Pfizer-BioNTech-based vaccines and Moderna's based mRNA provide "continuous" protection that lasts for years on Covid-19, a new study published in the Environment report on Monday.
"Our research shows that vaccination of people with SARS-CoV-2 mRNA stimulates GC (Germinal Center) B cell response, which activates the immune system," said the authors of their study, referring to memory cells found in lymph nodes, where cells immune systems are taught to detect and fight the virus.
Booster doses of these vaccines may not have been needed as they had previously sounded necessary, unless the virus mutates beyond its current variants.
Ali Ellebedy, a gynecologist at Washington University in St. Louis. Louis, who led the study, told The New York Times that they were not looking at the Johnson & Johnson vaccine, but added that they expected it to be less effective than mRNA-based vaccines.
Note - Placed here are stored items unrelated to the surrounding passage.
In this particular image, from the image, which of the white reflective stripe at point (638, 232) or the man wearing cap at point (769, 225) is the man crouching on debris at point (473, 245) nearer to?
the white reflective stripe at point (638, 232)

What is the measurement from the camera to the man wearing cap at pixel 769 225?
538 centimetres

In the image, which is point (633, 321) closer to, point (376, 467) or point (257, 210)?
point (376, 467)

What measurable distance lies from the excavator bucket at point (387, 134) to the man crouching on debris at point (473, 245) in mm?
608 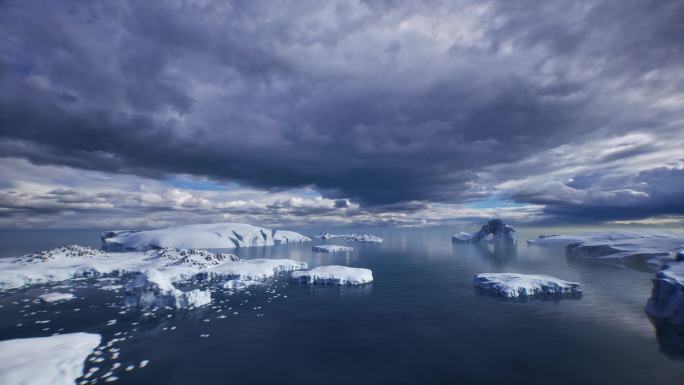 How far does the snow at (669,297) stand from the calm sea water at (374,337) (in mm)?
2065

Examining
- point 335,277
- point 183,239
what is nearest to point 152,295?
point 335,277

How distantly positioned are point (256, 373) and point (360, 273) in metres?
44.0

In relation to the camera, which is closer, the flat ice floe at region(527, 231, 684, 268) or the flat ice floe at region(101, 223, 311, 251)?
the flat ice floe at region(527, 231, 684, 268)

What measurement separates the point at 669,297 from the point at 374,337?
127 feet

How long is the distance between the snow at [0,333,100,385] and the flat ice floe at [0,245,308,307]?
14326mm

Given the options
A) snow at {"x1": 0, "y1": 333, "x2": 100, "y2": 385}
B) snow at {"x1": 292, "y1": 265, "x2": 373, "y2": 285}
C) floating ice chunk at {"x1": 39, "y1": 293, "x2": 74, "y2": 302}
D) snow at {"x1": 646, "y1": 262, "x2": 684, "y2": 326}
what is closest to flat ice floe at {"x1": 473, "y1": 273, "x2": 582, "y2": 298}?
snow at {"x1": 646, "y1": 262, "x2": 684, "y2": 326}

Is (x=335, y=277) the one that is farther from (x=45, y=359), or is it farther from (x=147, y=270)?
(x=45, y=359)

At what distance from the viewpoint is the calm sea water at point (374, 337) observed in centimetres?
2464

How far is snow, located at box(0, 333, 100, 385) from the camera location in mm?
21438

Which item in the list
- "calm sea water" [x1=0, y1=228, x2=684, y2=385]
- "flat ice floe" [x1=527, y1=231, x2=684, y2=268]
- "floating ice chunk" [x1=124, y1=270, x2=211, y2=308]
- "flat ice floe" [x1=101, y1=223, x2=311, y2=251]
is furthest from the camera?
"flat ice floe" [x1=101, y1=223, x2=311, y2=251]

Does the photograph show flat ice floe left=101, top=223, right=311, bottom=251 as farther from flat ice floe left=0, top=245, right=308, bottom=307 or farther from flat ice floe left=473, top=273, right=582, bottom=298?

And not included, it turned out, was AstraZeneca, which sells in India as a Covishield.
But the good news for India, which is fighting the second destructive wave of Covid-19 driven in part by a separate SARS-CoV2 Delta, is to participate in high-level negotiations to find a way to authorize Pfizer- BioNTech and Moderna vaccines.
Previous studies have shown that only those who survived Covid-19 infection and who were completely vaccinated received permanent and permanent protection against the virus.
After infection, a special structure called the pathogen builds the lungs, which serves as a school of memory B cells to detect the virus. In vaccinated individuals, these decomposing centers are formed in the lymph nodes in the armpits.
"Everyone is constantly focusing on mutations - this shows that B cells do the same thing," Marion Pepper, a pathologist at the University of Washington in Seattle, told by an prominent news agency. This is also believed to protect against several other mutants and their outbreaks.